Parecían viejos conocidos.

– Han venido por el cuadro -dijo Belmonte. El sobrino chasqueó la lengua.

– El cuadro, naturalmente. Tu famoso cuadro.

Se les puso al corriente de la nueva situación. Con las manos en los bolsillos Alfonso sonreía mirando a Julia.

– Si se trata de aumentar el valor del cuadro, o de lo que sea -le dijo-, me parece una noticia excelente. Puede volver por aquí cuando quiera, a traernos sorpresas así. Nos encantan las sorpresas.

La sobrina no compartía la satisfacción de su marido.

– Tenemos que discutir eso -dijo, enojada-… ¿Quién garantiza que no estropearán el cuadro?

– Sería imperdonable -apostilló Alfonso, sin apartar los ojos de Julia-. Pero no creo que esta joven fuese capaz de hacernos una cosa así.

Lola Belmonte dirigió a su marido una ojeada impaciente.

– Tú no te metas. Esto es cosa mía.

– Te equivocas, cariño -la sonrisa de Alfonso se hizo más ancha-. Tenemos régimen de gananciales.

– Te digo que no te metas.

Alfonso se volvió lentamente hacia ella. El gesto zorruno se había acentuado, endureciéndose. Ahora la sonrisa parecía una hoja de cuchillo, y Julia pensó, al comprobarlo, que tal vez el sobrino político fuese menos inofensivo de lo que parecía a primera vista.

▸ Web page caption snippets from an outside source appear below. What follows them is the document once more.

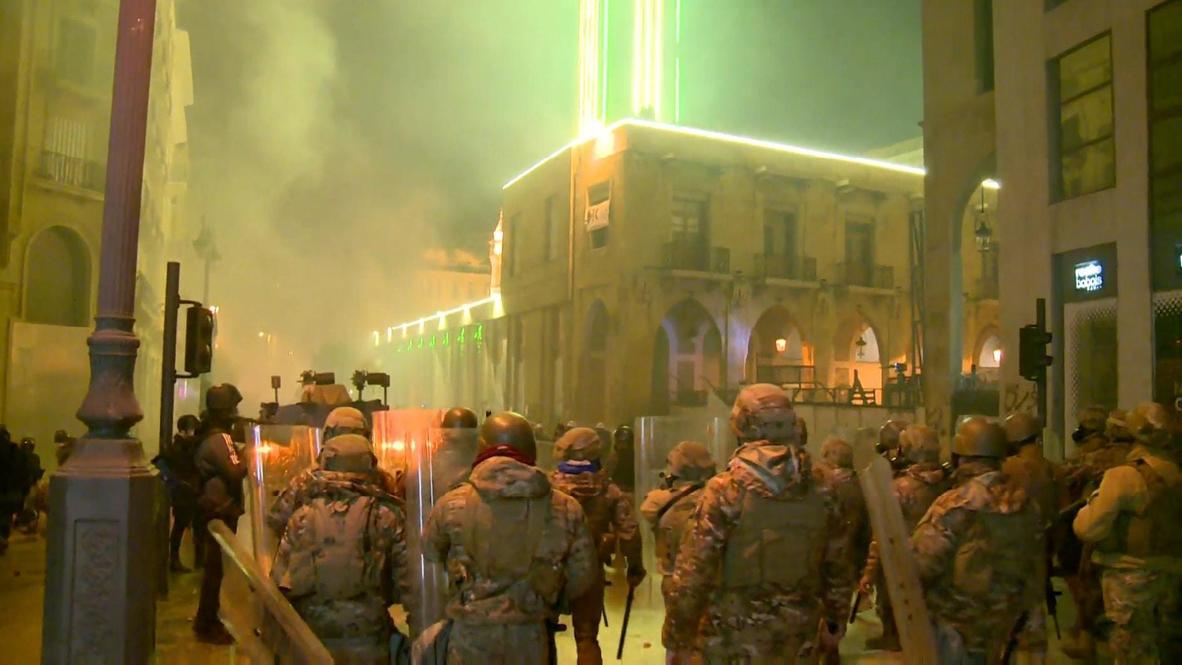 Líbano: Policía utiliza gas lacrimógeno contra los manifestantes en Beirut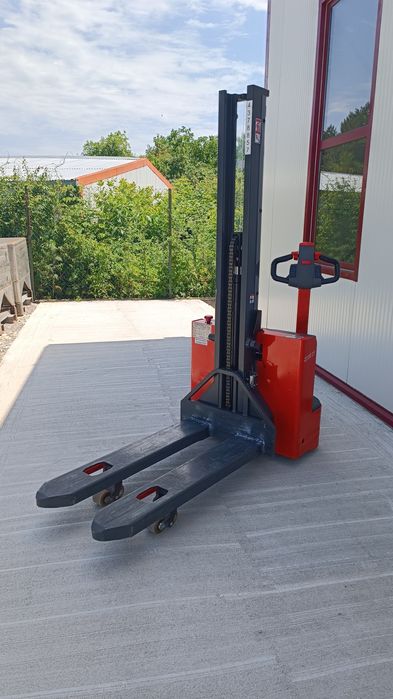 Стакер/и Linde L14 AP, Jungheinrich и палетни колички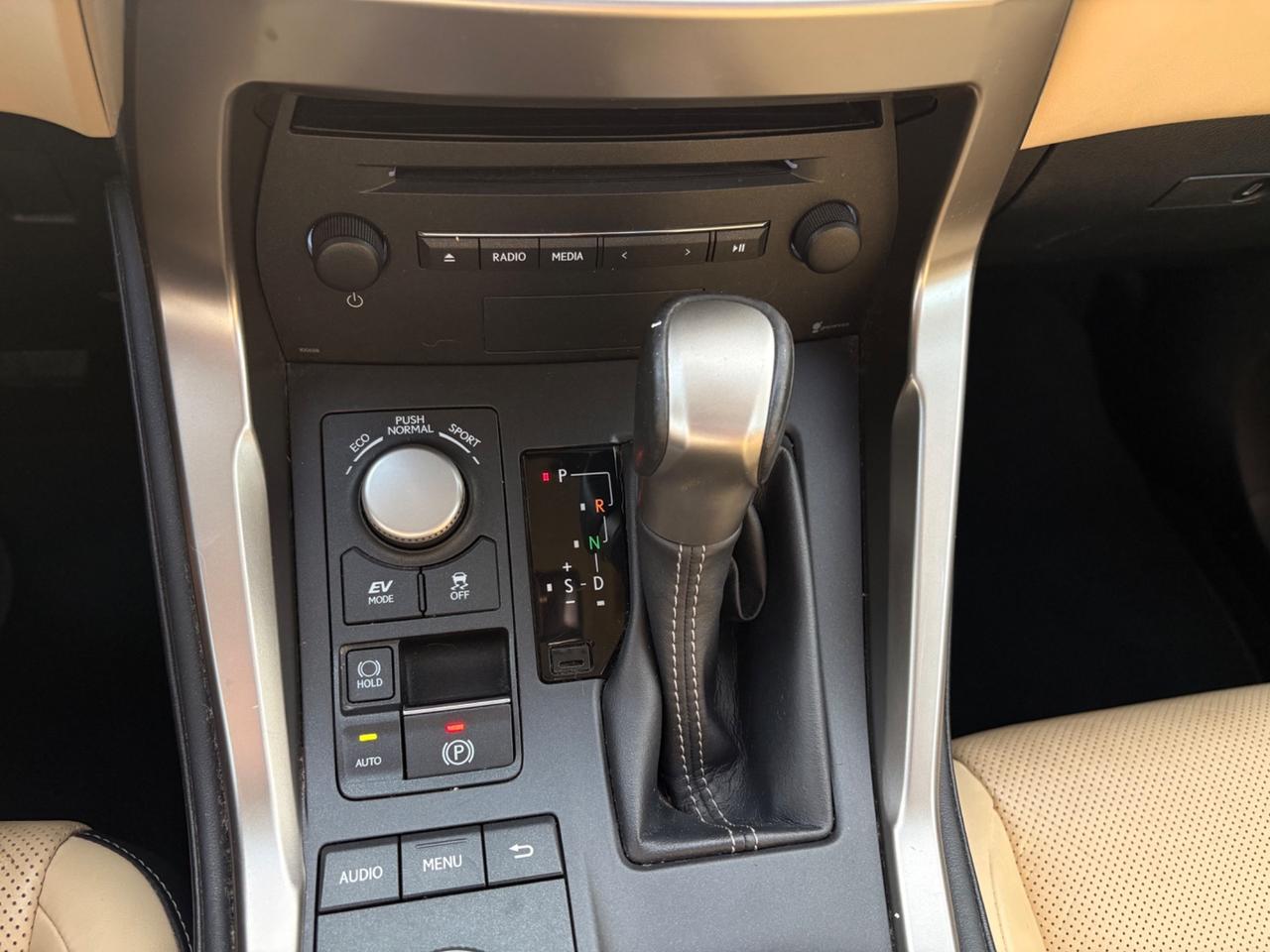 Lexus NX 300h Hybrid 4WD F-Sport 2016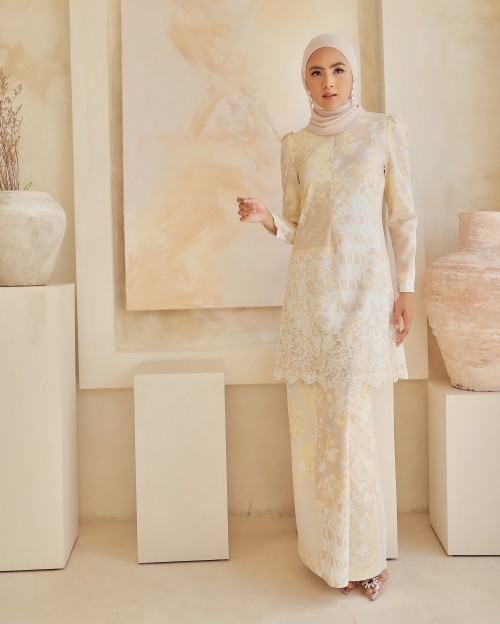 ALYSIA LACE KURUNG - NUDE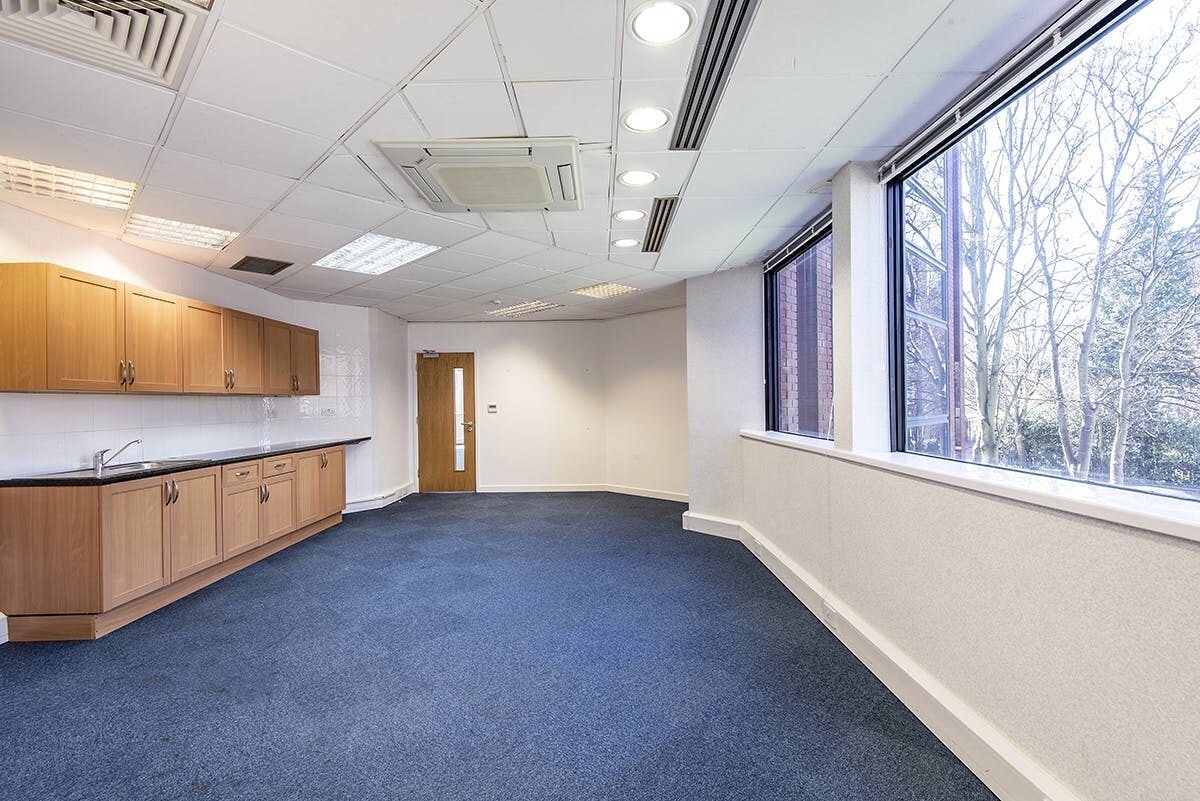 40 Vicarage Rd, Birmingham to rent Interior Photo- Image 1 of 11
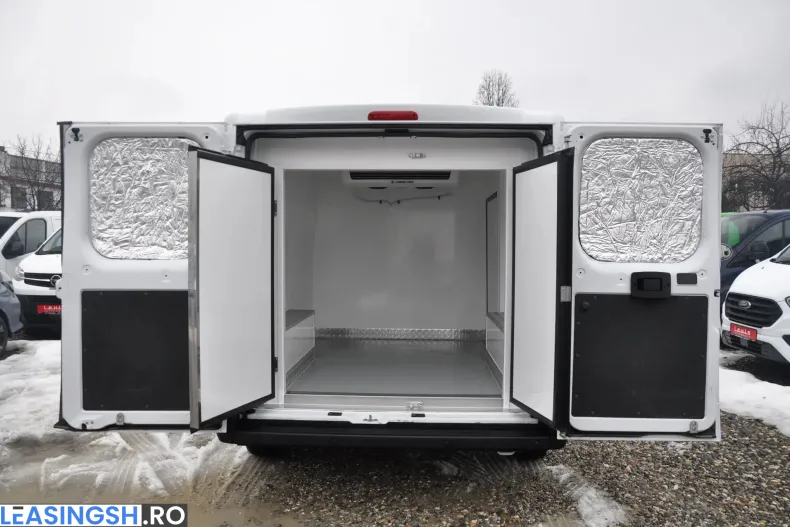 Peugeot Boxer din 2023 cu 46.426 km - oferta PEU220170 - foto 7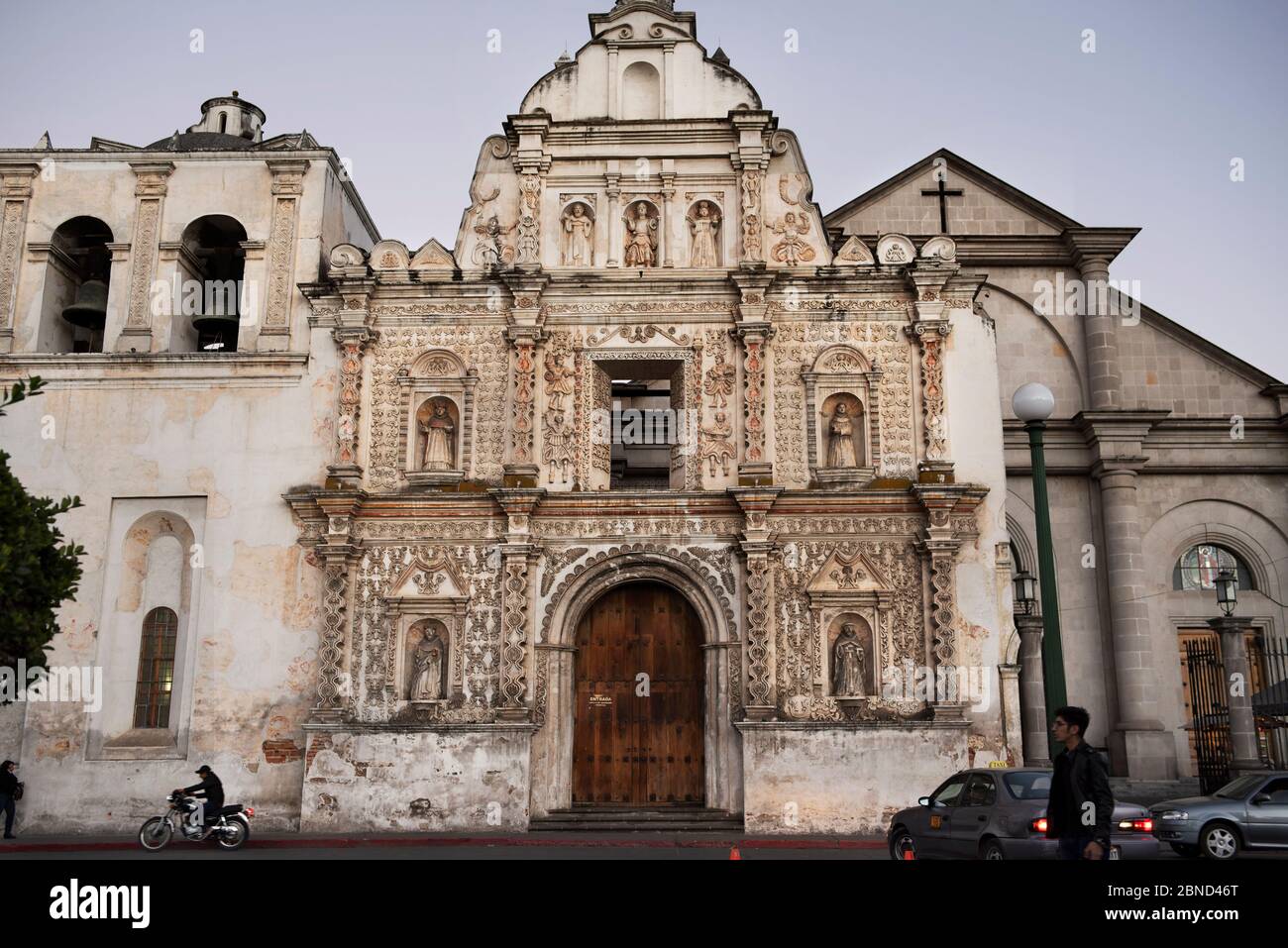 Kathedrale Von Quetzaltenango. Central Park (Parque Central) in Quetzaltenango, Guatemala Stockfoto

No debe de ser cómodo, se dijo, tener asuntos pendientes con un tipo capaz de sonreír así.

– No seas ridícula… Cariño.

Había de todo menos ternura en aquel cariño , y Lola Belmonte parecía saberlo mejor que nadie; la vieron contener a duras penas la humillación y el despecho. Menchu dio un paso al frente, resuelta a entrar en liza.

– Ya lo hemos hablado con don Manuel -anunció-. Y está de acuerdo.

Ese era otro aspecto de la cuestión, meditó Julia, que iba de sorpresa en sorpresa. Porque, desde su silla de ruedas, el inválido había observado la escaramuza con las manos cruzadas sobre el regazo; como espectador voluntariamente al margen de una cuestión a cuyo debate, sin embargo, asistiera con malicioso interés de voyeur .

Curiosos personajes, pensó la joven. Curiosa familia.

– En efecto -confirmaba el anciano sin dirigirse a nadie en particular-. Yo estoy de acuerdo. En principio.

La sobrina se retorció las manos con largo tintineo de pulseras. Parecía angustiada; o furiosa. Quizás ambas cosas a la vez.

– Pero tío, eso hay que hablarlo. Yo no dudo de la buena voluntad de estas señoras…

– Señoritas -terció el marido sin dejar de sonreírle a Julia.